:: Data extract ::

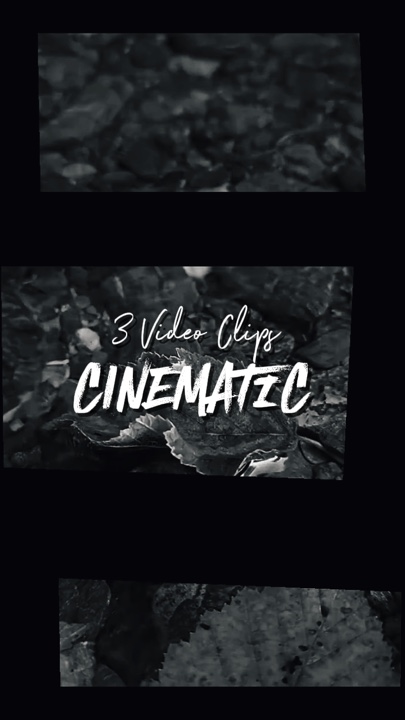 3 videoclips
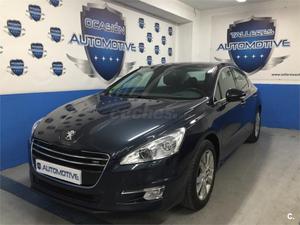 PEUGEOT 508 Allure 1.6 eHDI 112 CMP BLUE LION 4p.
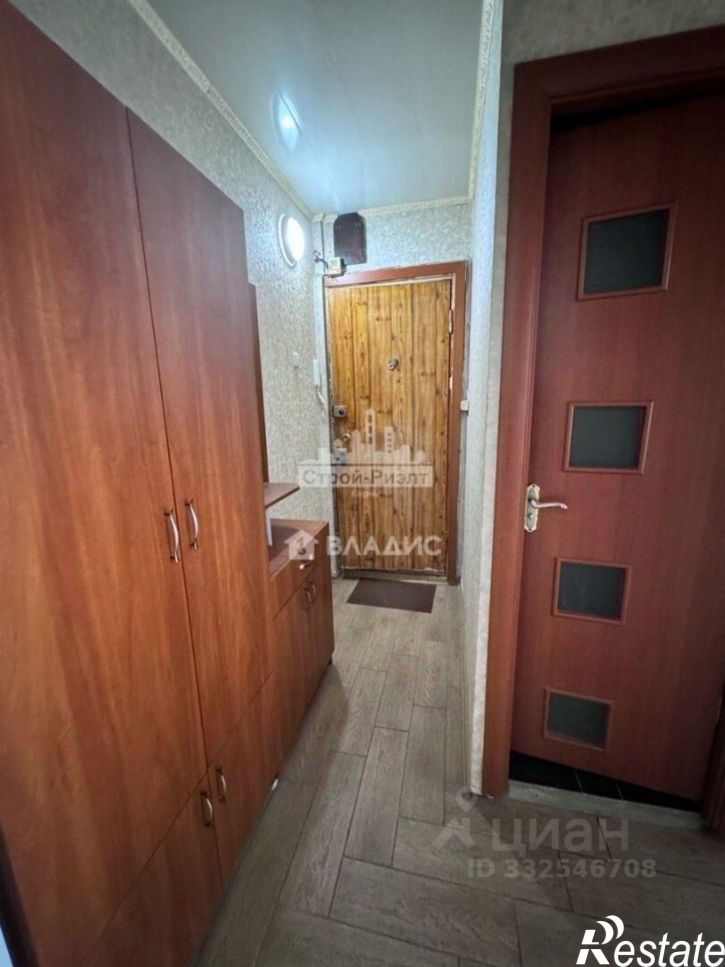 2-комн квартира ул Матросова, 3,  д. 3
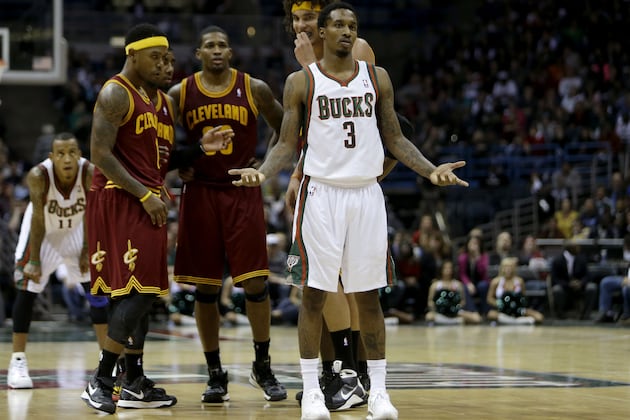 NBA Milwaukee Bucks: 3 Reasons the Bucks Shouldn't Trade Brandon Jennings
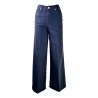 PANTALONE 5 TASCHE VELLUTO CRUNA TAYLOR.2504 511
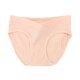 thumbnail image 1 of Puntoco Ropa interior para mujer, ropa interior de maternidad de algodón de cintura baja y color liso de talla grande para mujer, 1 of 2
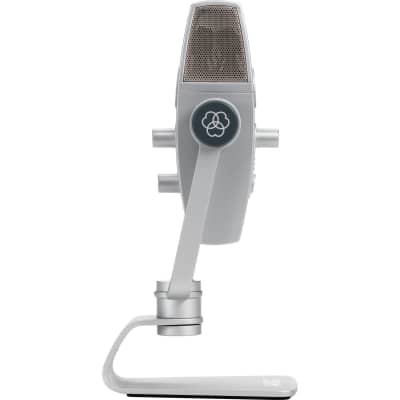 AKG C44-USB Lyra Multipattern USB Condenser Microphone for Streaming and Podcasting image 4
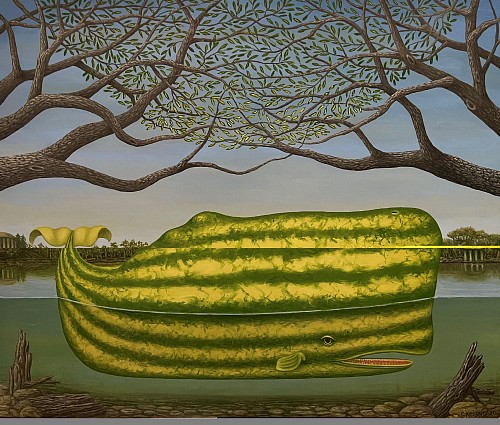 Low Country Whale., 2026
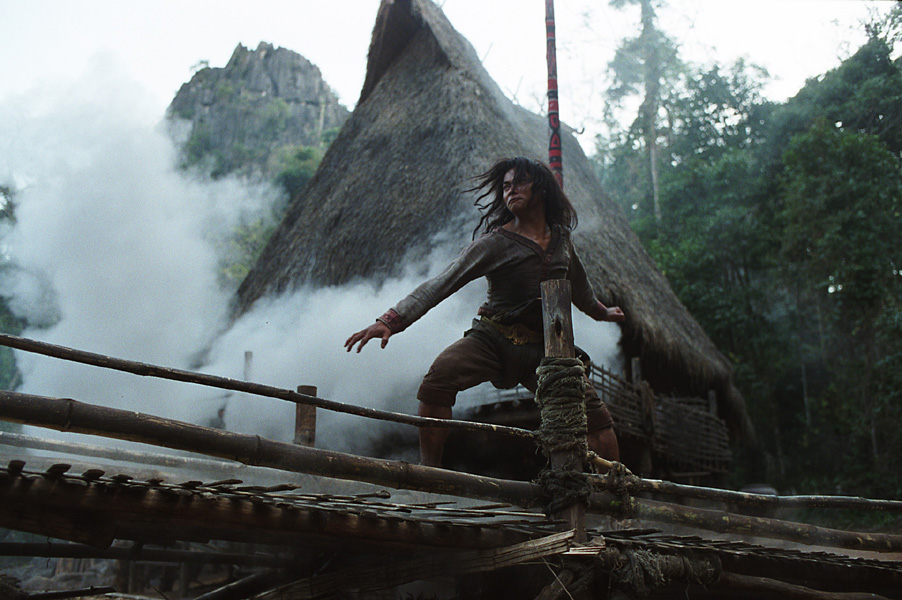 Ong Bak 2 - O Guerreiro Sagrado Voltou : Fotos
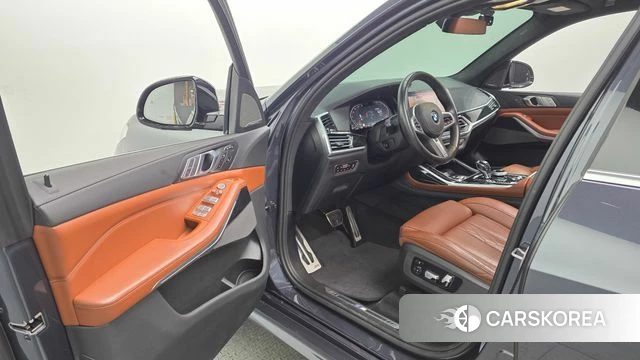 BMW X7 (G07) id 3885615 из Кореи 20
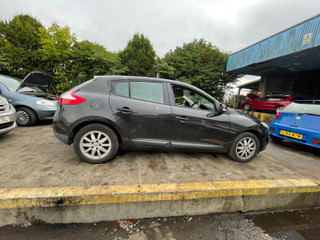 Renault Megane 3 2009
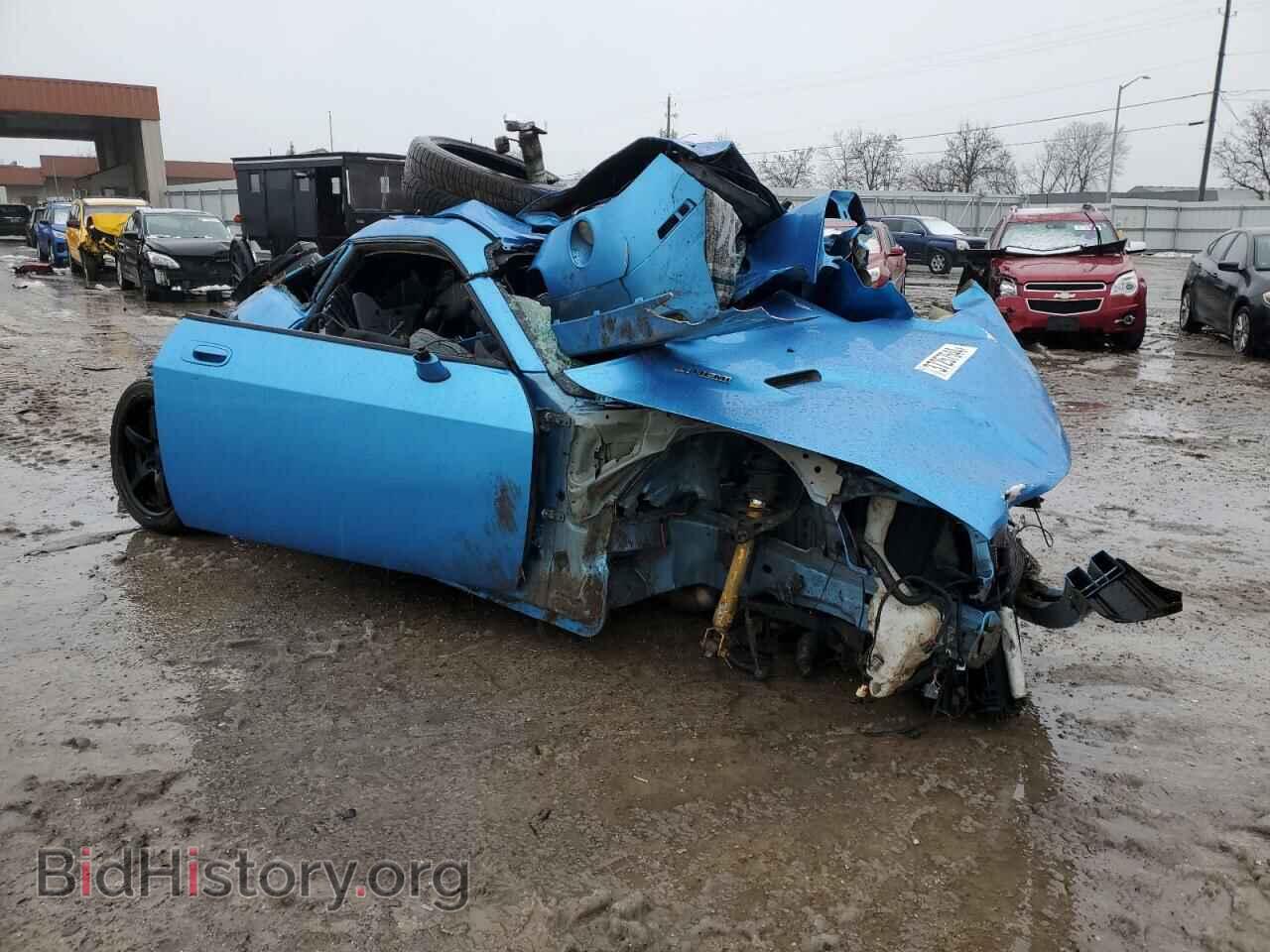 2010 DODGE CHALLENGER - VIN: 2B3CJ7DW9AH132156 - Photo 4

:::

- [What is needed]
Without copying any picture, write out the entries exactly.

- [Exercise solution]
 3 videoclips
 PEUGEOT 508 Allure 1.6 eHDI 112 CMP BLUE LION 4p.
 2-комн квартира ул Матросова, 3,  д. 3
 NBA Milwaukee Bucks: 3 Reasons the Bucks Shouldn't Trade Brandon Jennings
 PANTALONE 5 TASCHE VELLUTO CRUNA TAYLOR.2504 511
 thumbnail image 1 of Puntoco Ropa interior para mujer, ropa interior de maternidad de algodón de cintura baja y color liso de talla grande para mujer, 1 of 2
 AKG C44-USB Lyra Multipattern USB Condenser Microphone for Streaming and Podcasting image 4
 Low Country Whale., 2026
 Ong Bak 2 - O Guerreiro Sagrado Voltou : Fotos
 BMW X7 (G07) id 3885615 из Кореи 20
 Renault Megane 3 2009
 2010 DODGE CHALLENGER - VIN: 2B3CJ7DW9AH132156 - Photo 4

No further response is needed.